NOWENNA DO BŁ. KS. BRONISŁAWA MARKIEWICZA [dzień 9]
Modlitwa wstępna:
Panie Jezu, gdy patrzymy dziś na Ciebie ukrytego w Eucharystii, nasze myśli przenoszą się na Golgotę, gdzie dokonało się nasze zbawienie. Wpatrujemy się w Twoje rany, przebite serce i przez Twą bolesną mękę, śmierć i Zmartwychwstanie prosimy, aby bł. Bronisław Markiewicz, który odważnie wziął na ramiona swój krzyż i wytrwale niósł go przez całe swe życie służąc najbardziej potrzebującym, został ogłoszony świętym. Spraw Panie, abyśmy jak nasz Czcigodny Ojciec Założyciel, poznali Twą nieskończoną miłość i pełniąc najwierniej Twoją wolę ponosili dla Ciebie, dla dzieła Odkupienia wszelkiego rodzaju krzyże i cierpienia.
Rozważnie:
W Zapiskach dotyczących życia wewnętrznego bł. Bronisław Markiewicz wielokrotnie odwołuje się do Jezusa Ukrzyżowanego. Nie powinno nas to dziwić, jeśli popatrzymy na ten aspekt przez pryzmat świętości. Jezus przez mękę, krzyż i śmierć wszedł do chwały Zmartwychwstania. Taką drogę wybrał również bł. Bronisław – przez krzyż do świętości, tak jak napisał św. Paweł w Liście do Rzymian: Jeżeli wspólnie z Nim (z Jezusem) cierpimy, to wspólnie będziemy przebywać w chwale. Dlatego liczne w swym życiu krzyże, Ojciec Założyciel, uważał za szczególny przejaw Bożej miłości. Nigdy nie narzekał na ich ciężar, a siłę do ich niesienia czerpał od Chrystusa Ukrzyżowanego. Często zagłębiał się w rozmyślaniu nad Męką Pańską, uważając, że nie ma „wznioślejszego, pożyteczniejszego i ważniejszego przedmiotu rozmyślań człowieka”. Patrząc na krzyż ubolewał nad ogromem swych grzechów, a jednocześnie kontemplował nieskończoną miłość Boga, dziękował Mu za każde cierpienie, którego doświadczał i uwielbiał Jego nieskończone miłosierdzie. Jezus na krzyżu był jego Wzorem, Wodzem i Nauczycielem. Był mu tak bliski i drogi, że wołał w modlitwie: „Jezu mój Ukrzyżowany, bądź mi ciągle, wiecznie w myśli, w sercu, w oczach, uszach i w mowie, bo Tyś wszystko moje – Początek i Koniec – Bóg, Ojciec, Matka, Brat, Przyjaciel, Dobrodziej. […] Puść mnie, Jezu, na krzyż z Tobą. Niech pokocham go. Krzyż rozkoszą moją”. Wiedział także, że trudności i doświadczenia nie będą obce jego duchowym synom i córkom.

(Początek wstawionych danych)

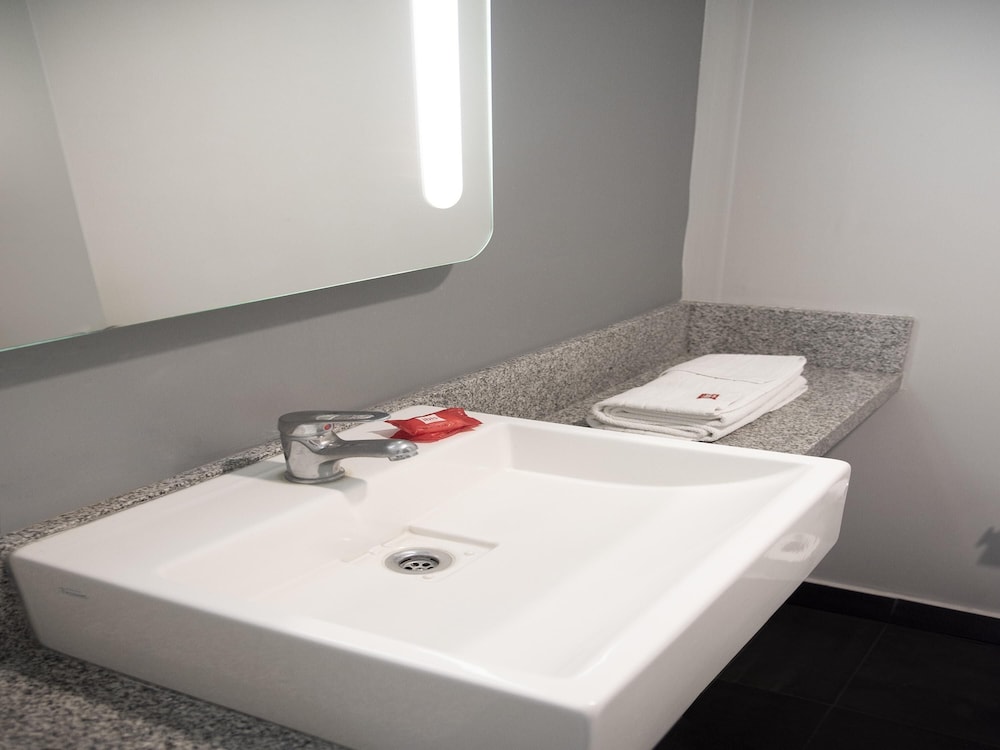 Habitación estándar, varias camas del hotel Ibis Pilar. Foto 3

Rozważania pochodzą z Agendy Liturgicznej Zgromadzenia św. Michała Archanioła
NOWENNA DO BŁ. KS. BRONISŁAWA MARKIEWICZA [dzień 8]
Modlitwa wstępna:
Boże, Ojcze Wszechmogący, stajemy dziś przed Tobą, aby prosić Cię w imię Jezusa Chrystusa, Najwyższego Kapłana, Dobrego Pasterza, o dar kanonizacji bł. ks. Bronisława Markiewicza, założyciela Zgromadzeń św. Michała Archanioła. To On wskazywał swym duchowym synom i córkom drogę kapłańskiej i zakonnej służby najbiedniejszym dzieciom i młodzieży. Całe życie wytrwale podążał drogą prawdy niestrudzenie głosząc Chrystusa, udzielając sakramentów. Był dobrym pasterzem dla swej owczarni. Niech więc jego przykład pociągnie wielu młodych ludzi do służby Bogu i drugiemu człowiekowi.
Rozważnie:
Ciągle słyszymy, że każdy z nas powołany jest do świętości. To powszechne powołanie wynika z naszej przynależności do Chrystusa, który pragnie abyśmy byli święci, jak święty jest nasz Ojciec w niebie. Realizacja tego powołania do świętości dokonuje się przez nasze osobiste powołanie w rodzinie, w kapłaństwie, zakonie czy samotności. To droga, którą wybiera każdy z nas, aby jak najlepiej zrealizować swe życie. Ks. Markiewicz również przeszedł tę drogę. Początkowo wstąpił do seminarium w Przemyślu i został księdzem diecezjalnym. „Iść w lud” – to jego pierwsze zawołanie po ukończeniu seminarium duchownego. I rzeczywiście przez kilkadziesiąt lat posługi kapłańskiej był z tym ludem stale i wciąż mu służył. Jak wielką łaską i wyróżnieniem było dla niego kapłaństwo czytamy w Zapiskach: „Wybrałeś mnie Panie, z tysiąca, a ja wielce grzeszny. Mam Cię codziennie piastować, pozywać i drugich karmić Ciałem Twoim. [… ] Jam narzędzie liche wielce, kruche, zardzewiałe, ciężkie, niezgrabne. Co to jest, iż -Jezu – na mnie wejrzałeś?”. Błogosławiony dał się poznać jako gorliwy duszpasterz, dobry wykładowca, ceniony spowiednik. Ale wewnętrzny głos wskazywał mu inną drogę. „Uznam za łaskę wielką, jeśli powołasz mnie kiedy do zakonu” – czytamy w innym miejscu. Dlatego modlił się i szukał odpowiedniego dla siebie zgromadzenia. W końcu podjął decyzję o wstąpieniu do teatynów i z takim zamiarem wyjechał do Włoch. Opatrzność Boża zaprowadziła go jednak do Turynu, gdzie po spotkaniu ze św. Janem Bosko, wstąpił do salezjanów. Jako salezjanin przybył do Polski i rozpoczął pracę w Miejscu Piastowym. Bóg jednak ciągle stawiał przed nim nowe wyzwania. Ks. Markiewicz patrząc na polską rzeczywistość doszedł do wniosku, iż musi założyć nowe zgromadzenie. Początki tego przedsięwzięcia nie były łatwe, ale. Ojciec Założyciel wierzył mocno, że jest to dzieło Boże. Ciągle poszukiwał nowych współpracowników, którzy w duchu powściągliwości i pracy chcieli poświęcić swoje życie na służbę Bogu oraz dzieciom i młodzieży.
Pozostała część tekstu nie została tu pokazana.